Sur la marchandisation des corps et des esprits, on en a lu et vu autant ailleurs, mais le film de Benes, avec son esthétique pas compliquée (il semble avoir été tourné dans deux endroits empruntés à BLADE RUNNER: dans l'immeuble de J.F. Sebastian pour la plèbe, en haut du Tyrell Building pour les pontes du Cac40), ne réserve pas de grandes surprises, mais il fait le job beaucoup mieux que, par exemple et au hasard, les tentatives cinoche de Enki Bilal. Il a préféré se la jouer Carpenter, et il a bien eu raison.

Bien sûr, ARES ne peut que parler à ceux qui s'inquiètent de l'évolution des choses, et voir le grand patron Louis-Do de Lensquesaing passer par la fenêtre du 40éme étage donne le sourire. Le film n'est pas vieux, et très dans l'air du temps, a très bien su capter les prémisses gilets jaunes du tournant social et politique qui vient.

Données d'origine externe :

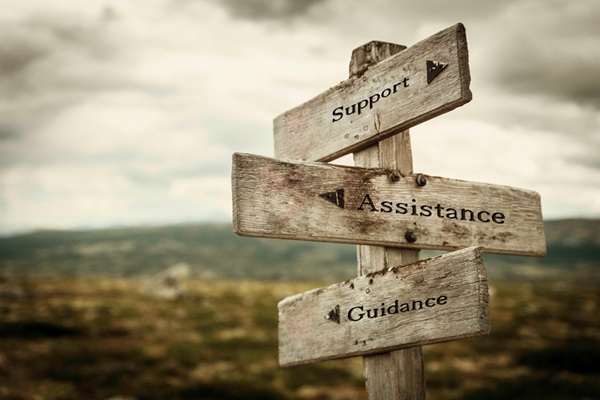 Guidance arrows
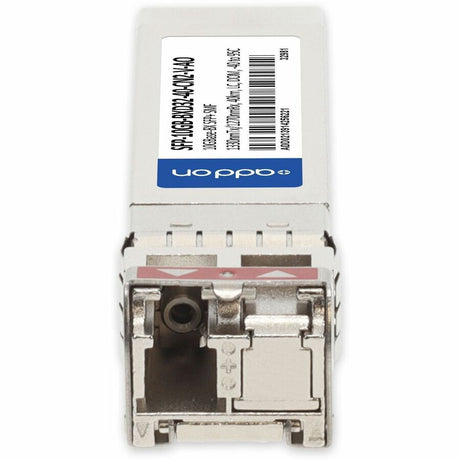AddOn Ciena Compatible TAA 10GBase-BX SFP+ Transceiver (SMF, 1330nmTx/1270nmRx, 40km, LC, DOM, -40 to 95C)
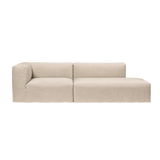 catena sofa 3 seater open end right small - loose drape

Alors on vous le répète: aux armes, aux manches de pioche, etc !... Cette bonne série B, claire comme de l'eau de roche, et bien teigneuse comme il faut, est un excellent remède à un sale édito BFM-LRM. On saluera au passage  l'excellent Micha Lescot qui fait un très beau numéro en Myosotis, mi-travelo, mi-nounou, et dont chaque apparition apporte pas mal d'air frais à ces espaces... confinés. Bravo à lui.